Toute aussi prise de court, l'administration américaine, à ses différents étages, a envoyé plusieurs messages de réaction aux tonalités sensiblement différentes.

Le département d'État a d'abord paru condamner l'entrée en scène militaire de la Russie, martelant que cela ne changerait rien aux opérations de la coalition internationale piloté par les États-Unis et qui bombarde depuis un an l'EI en Syrie et en Irak.

Puis, devant le Conseil de sécurité, face à M. Lavrov, John Kerry a concédé que Washington n'était pas contre le recours à la force par Moscou, à condition que cela vise vraiment l'EI et Al-Qaïda en Syrie.

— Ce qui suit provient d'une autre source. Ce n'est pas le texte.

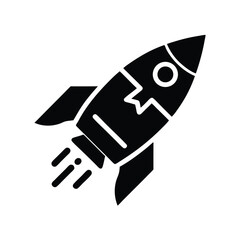 Obraz premium Black silhouette rocket launches toward space, featuring booster flames on its lower side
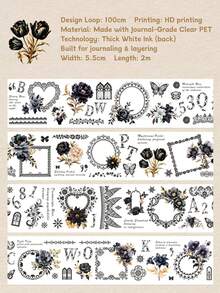 DANKUN 1 Roll 2m Loop: 100cm Dark Academia Gothic Floral Wide PET Washi Tape, Creative Aesthetic Sticker Decoration, DIY Scrapbook/Handicraft Material, Holiday Gift, Personalized Sticker Photo Album School Supplies - Scrapbook Stickers - View 9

«Si les dernières actions de la Russie et celles en cours sont le reflet d'un engagement authentique pour vaincre cette organisation (EI), alors nous sommes disposés à accueillir favorablement ces efforts», a déclaré le patron de la diplomatie américaine.

En revanche, a-t-il tempéré, les États-Unis auraient «de sérieuses inquiétudes si la Russie devait frapper des zones où il n'y a pas d'opérations de l'EI et de (groupes) affiliés à Al-Qaïda».

Peu après, le secrétaire américain à la Défense, Ashton Carter, a affirmé que les frappes russes avaient visé des zones où il n'y avait «probablement» pas de djihadistes de l'EI.

Frappes russes «contre l'opposition syrienne» 

Un responsable du Pentagone a également affirmé qu'elles ne visaient pas l'EI mais «l'opposition syrienne» modérée.

La Maison-Blanche a ensuite jugé qu'il était «trop tôt» pour dire quelles étaient les cibles.

Il y a à peine une semaine, M. Kerry avait estimé que la montée en puissance de la présence militaire de Moscou en Syrie n'était qu'une «force de protection» de la base aérienne russe dans ce pays.

La Russie est le plus proche allié du régime syrien, tandis que les États-Unis réclament le départ du président Assad que M. Obama a qualifié de «tyran» lundi à l'ONU.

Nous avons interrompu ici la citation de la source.